Кати услышала, как мадам Катрин громко фыркнула. Но она не поднимала глаз от письма. Ей необходимо было дочитать до последней строчки. Если она посмотрит сейчас на мадам Катрин, то бросится ей на шею в слезах. Сердце Кати сильно билось в груди, как будто надолго там не задержится.
Когда мне становилось особенно плохо, у вас всегда находились для меня те плоские лимонные конфетки, упакованные как настоящий подарок. Как только во рту появлялся этот вкус, мышцы сразу становились сильнее, а спина распрямлялась. Я снова могла идти мериться силами с миром.
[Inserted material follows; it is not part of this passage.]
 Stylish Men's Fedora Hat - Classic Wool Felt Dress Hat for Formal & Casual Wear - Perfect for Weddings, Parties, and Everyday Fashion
Но самым чудесным из всего, самым большим подарком, мадам Катрин, стало то, что вы научили меня делать стрижки. Вы с самого начала поверили, что у меня получится, без единого сомнения. Вы даже представить себе не можете, насколько мне это помогло. То, что кто-то непоколебимо в меня верит. Ведь, кроме вас, этого не делал никто. Фактически вы верили в меня настолько, что после тренировок с париками в первую очередь разрешили мне сделать прическу вам.
У меня тряслись руки, все в салоне старались на меня не смотреть… хотя, конечно, все равно смотрели: краем глаза или через зеркала. Я подстригла вам кончики, и вышло красиво. Все аплодировали, а я невероятно собой гордилась. Вопреки всему, что происходило в моей жизни после этого, особенно с противоположным полом, вопреки заходящемуся в стуке сердцу, поцелуям, любви и свадьбе, это был самый прекрасный момент в моей жизни.
Ваш салон, мадам Катрин, стал моим настоящим домом. И в нем я была гораздо счастливее, чем у мамы.
У Кати сжались легкие, как будто из них высосали весь воздух. В голове жужжал рой пчел.
Но следующие слова, исходящие от сердца, так долго не произносимые, наконец-то вырвутся в мир.
Наконец-то дойдут до мадам Катрин.
Если мать символизирует защищенность и безопасность, принятие тебя такой, какая ты есть, то вы были для меня больше матерью, чем моя биологическая мать.